Это было в первую мою поездку на Запад и прямо в Париж в группе писателей, и были автобусные экскурсии в Шартр, Тур и другие города, а потом был сам Париж, где молодой хлыщ из советского посольства, с наглой рожей, заглядывая в бумажечку, проинструктировал группу номер такую-то (как мы числились), как себя вести и куда можно и куда нельзя ходить.
Мы записали все подробно-подробно: и Сан-Дени, и Плас-Пигаль, и другие злачные, категорически не рекомендованные нам места, и, как только нас отпустили в город, мы ринулись их искать.
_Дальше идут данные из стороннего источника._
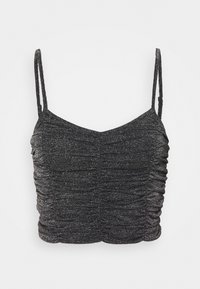 Svart glittrig cami-top med tunna axelband, med vertikal drapering för textur och en v-ringning. Mjuk, elastisk material.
Но об этом я еще расскажу.
А потом с нас собрали по нескольку франков для цветов на кладбище и привезли к стене коммунаров, где мы должны были положить по одной красной гвоздике, что мы и сделали.
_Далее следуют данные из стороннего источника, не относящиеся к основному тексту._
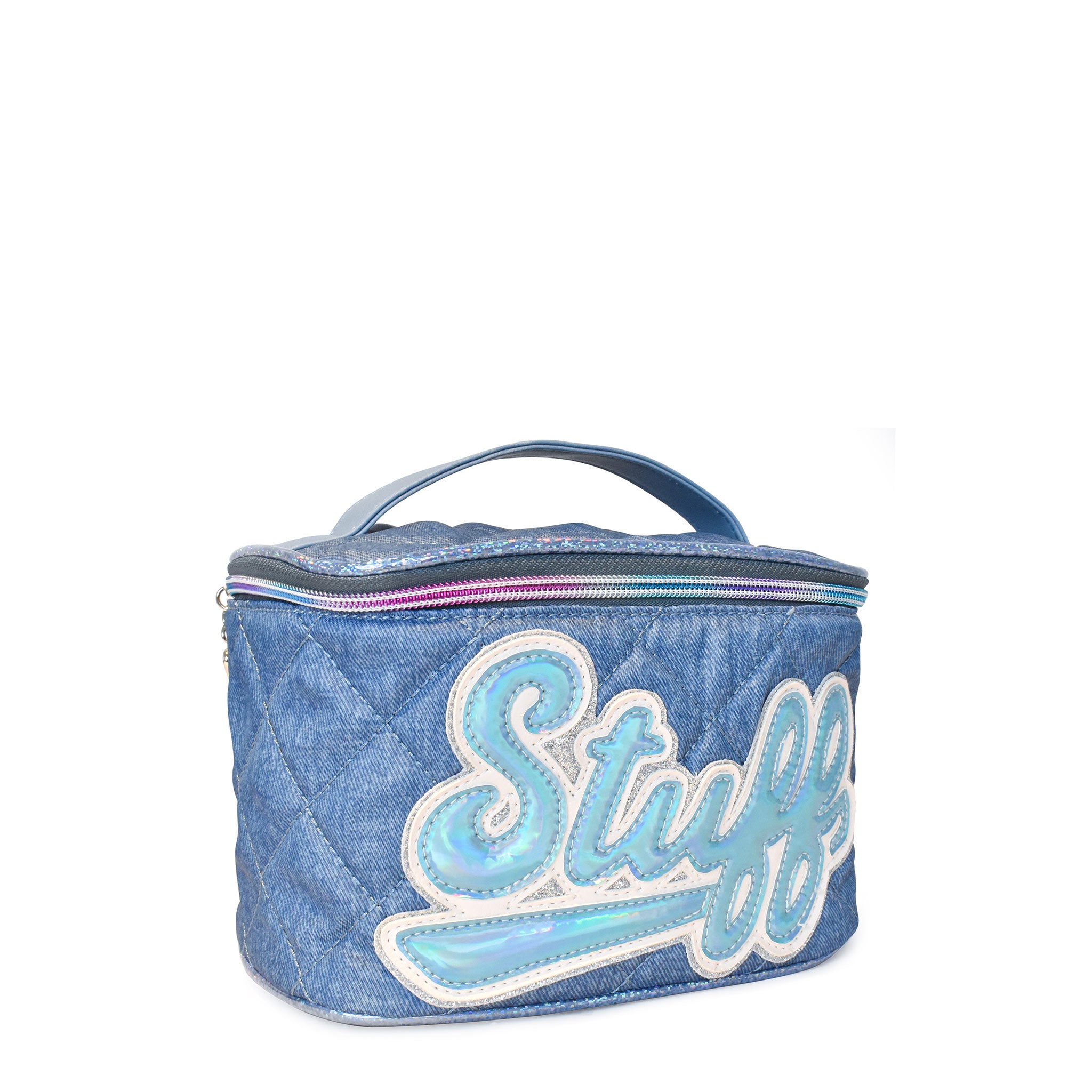 Side view of a denim printed & quilted train case with blue metallic retro-inspired script 'STUFF' applique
Вторая гвоздика, как мы уяснили, предназначалась всяким там вождям компартии Франции, их могилы, роскошно оформленные дорогим мрамором, находились тут же и на фоне других могилок, даже самых знаменитых, но приплюснутых друг к другу, выглядели, как ныне бы выглядели могилы каких-нибудь «крестных отцов» из солнцевской мафии: безвкусно, но вызывающе богато.
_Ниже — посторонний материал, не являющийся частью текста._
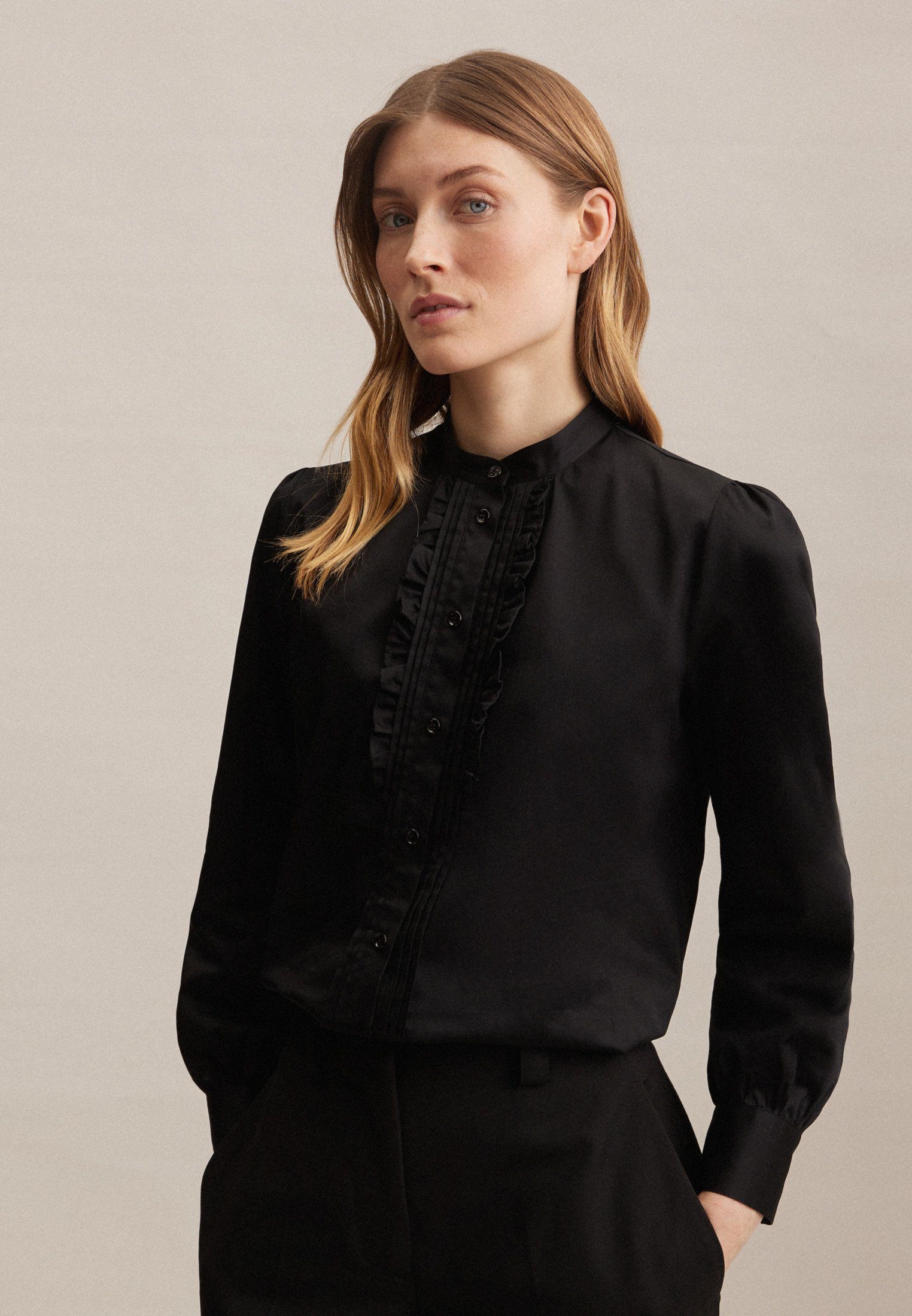 seidensticker Klassische Bluse Schwarze Rose Langarm Kragen Uni glänzend | Blusen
А наша сопровождающая от фирмы «Транс тур», красивая женщина, чешка, простодушно объявила, что автобусы, за неимением места, поставлены у противоположных ворот, так что нам придется пересечь все кладбище.
Мы, выражая небывалый энтузиазм, согласились пересечь это кладбище, ибо сразу поняли, что это маленькая хитрость, благодаря которой мы увидим и могилы великих: Бальзака, Гюго и других.
И вдруг среди них – могила Пиаф: скромненькая, такая же крохотуля, какой в жизни была она сама. Кусочек серого камня, но такого драгоценного для нас для всех.
А я, уж не помню почему, но не захотел я отдавать свою вторую гвоздику богатеньким коммунистам, у них там хватало всего: и венков, и цветов.
И тут достал из-за спины скромненький мой цветочек и пробормотал, не для стукачей, а для понимающих, что Морис Торез был прежде всего мужчиной и, конечно, одобрил бы меня, если бы узнал, что цветок, предназначенный для него, я отдаю этой великой женщине, которую звали, кажется, парижский соловей…
Я вовсе не был уверен, что Морис Торез был прежде всего мужчиной. У коммуняк, в общем-то, у любых, чувства так заморожены ихним марксизмом, что они и цветов-то не замечали.
Но вот я так сказал, а потом положил цветочек на серый камень, а вся группа вдруг мне зааплодировала.
Это был единственный тогда цветок.
Но я тогда же дал себе слово побывать еще, если нас еще выпустят в Париж, и принести сюда букет роз.